CPU Hungry OPA container

curtisallen commented 5 years ago

OPA running as a sidecar service in kubernetes is pretty CPU hungry. I'm doing a stress test, and OPA seems to require more CPU resources than my application. I've been fiddling with the policies I have loaded and turned on partial queries (which did help significantly), but overall I'm pretty disappointed with OPAs performance. To rule out inefficient policies I ran the same test with the most straightforward policy default allow=true max Queries (over a 2-minute time span) dips about 50% with this simple policy. I'm not using any advanced features like bundles and only leverage the Data API.
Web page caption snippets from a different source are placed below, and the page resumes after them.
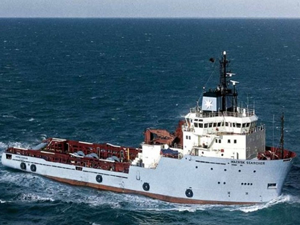 Fransa: Maersk, batık gemilerindeki yakıtı boşaltmalı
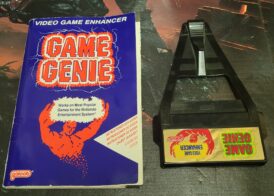 Alternative view of Game Genie - Boxad, svensk - Begagnat tillbehör till NES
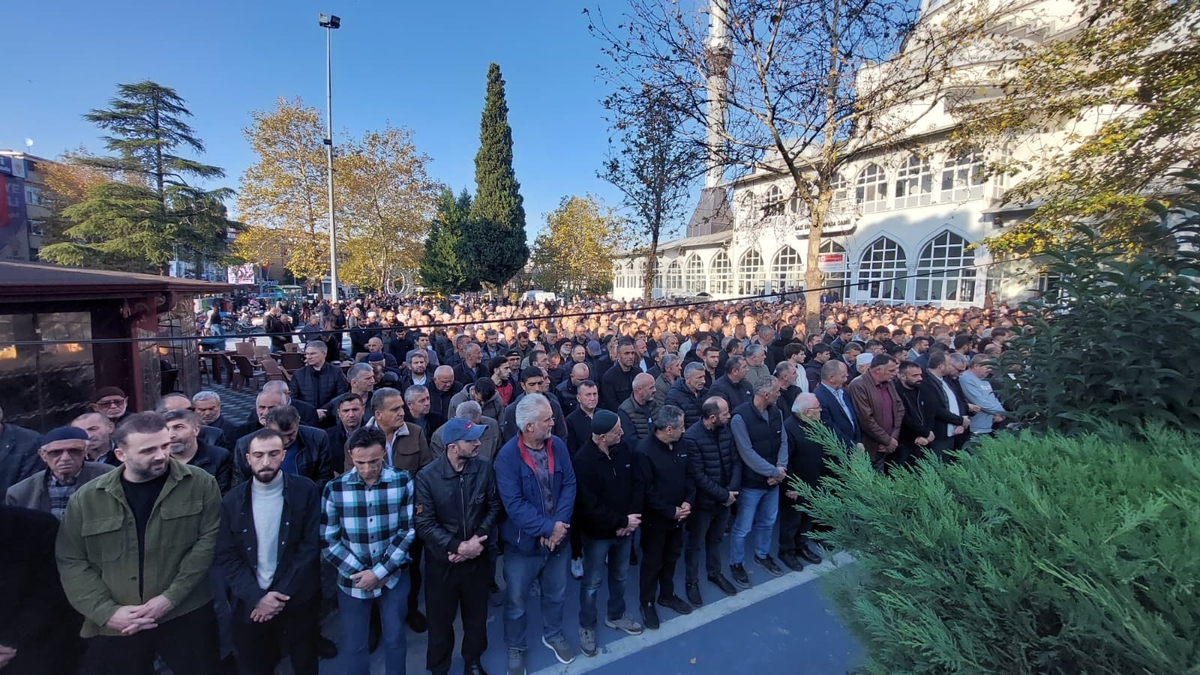Köye ilaç götürürken kazada hayatını kaybetmişti, toprağa verildi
Screen Shot 2019-05-08 at 1 24 11 PM

On the Y axis we have the total number of requests served over a 2-minute time span. The Red represents the error rate with a 1-second timeout on OPA responses.

With OPA in the loop our load tester sent 400 requests/second with 100 concurrent users (go-routines). Each test configuration was ran 3 times and the graph above shows the average of the three test runs.

Without OPA in the loop, I was able to run 2000 requests per second with 100 concurrent users.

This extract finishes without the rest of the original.